What is being asked: When you return the lines below, go from the first through the line with "It's great to", keep them exact, and leave out every picture.

Provided entries:
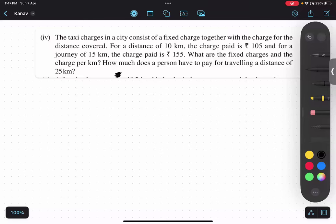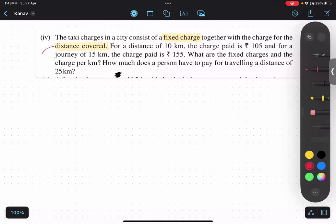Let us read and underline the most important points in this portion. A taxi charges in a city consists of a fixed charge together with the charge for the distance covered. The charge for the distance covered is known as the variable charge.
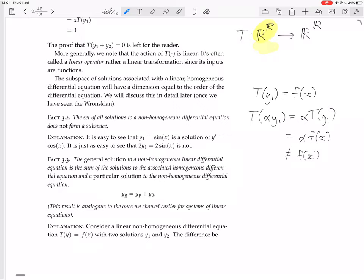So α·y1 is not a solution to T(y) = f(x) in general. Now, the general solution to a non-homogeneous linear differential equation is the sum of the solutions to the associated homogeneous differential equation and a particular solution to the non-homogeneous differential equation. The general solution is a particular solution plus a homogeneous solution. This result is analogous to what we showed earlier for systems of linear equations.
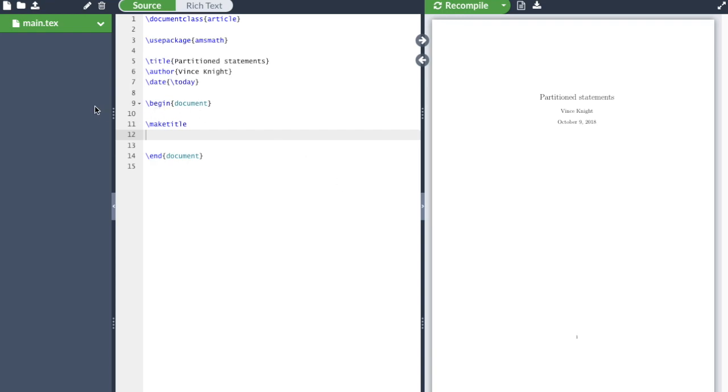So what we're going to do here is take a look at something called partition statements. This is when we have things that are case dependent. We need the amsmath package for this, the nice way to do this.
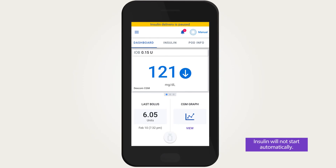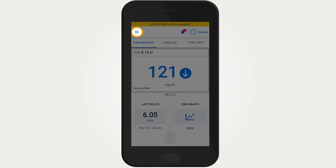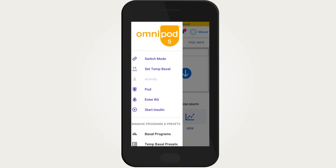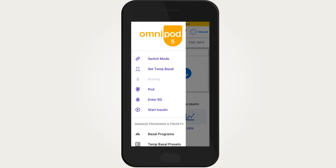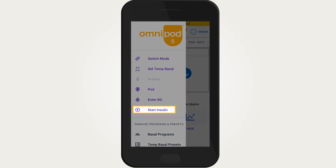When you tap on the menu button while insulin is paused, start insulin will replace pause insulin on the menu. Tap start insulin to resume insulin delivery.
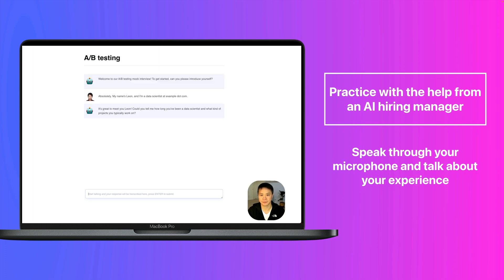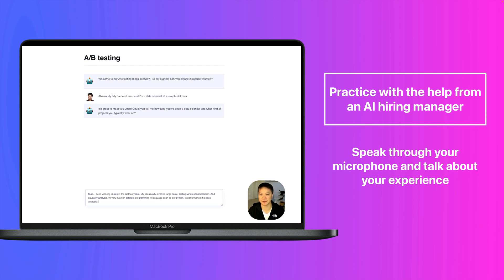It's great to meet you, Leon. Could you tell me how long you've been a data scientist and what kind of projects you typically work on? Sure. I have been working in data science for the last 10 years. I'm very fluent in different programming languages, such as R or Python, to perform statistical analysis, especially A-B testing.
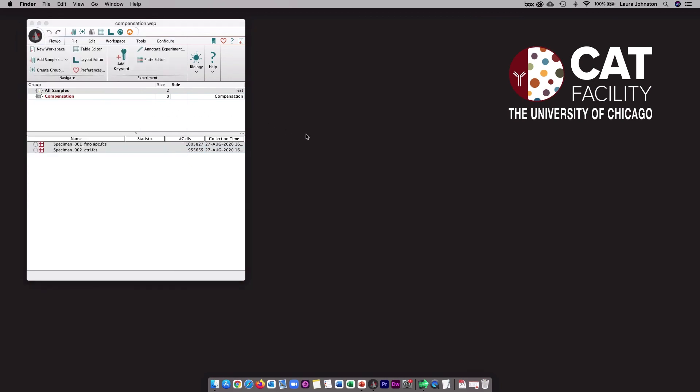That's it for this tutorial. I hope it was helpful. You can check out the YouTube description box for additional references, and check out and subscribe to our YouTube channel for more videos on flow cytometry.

Response to this exercise:
Let us read and underline the most important points in this portion. A taxi charges in a city consists of a fixed charge together with the charge for the distance covered. The charge for the distance covered is known as the variable charge.
So α·y1 is not a solution to T(y) = f(x) in general. Now, the general solution to a non-homogeneous linear differential equation is the sum of the solutions to the associated homogeneous differential equation and a particular solution to the non-homogeneous differential equation. The general solution is a particular solution plus a homogeneous solution. This result is analogous to what we showed earlier for systems of linear equations.
So what we're going to do here is take a look at something called partition statements. This is when we have things that are case dependent. We need the amsmath package for this, the nice way to do this.
When you tap on the menu button while insulin is paused, start insulin will replace pause insulin on the menu. Tap start insulin to resume insulin delivery.
It's great to meet you, Leon. Could you tell me how long you've been a data scientist and what kind of projects you typically work on? Sure. I have been working in data science for the last 10 years. I'm very fluent in different programming languages, such as R or Python, to perform statistical analysis, especially A-B testing.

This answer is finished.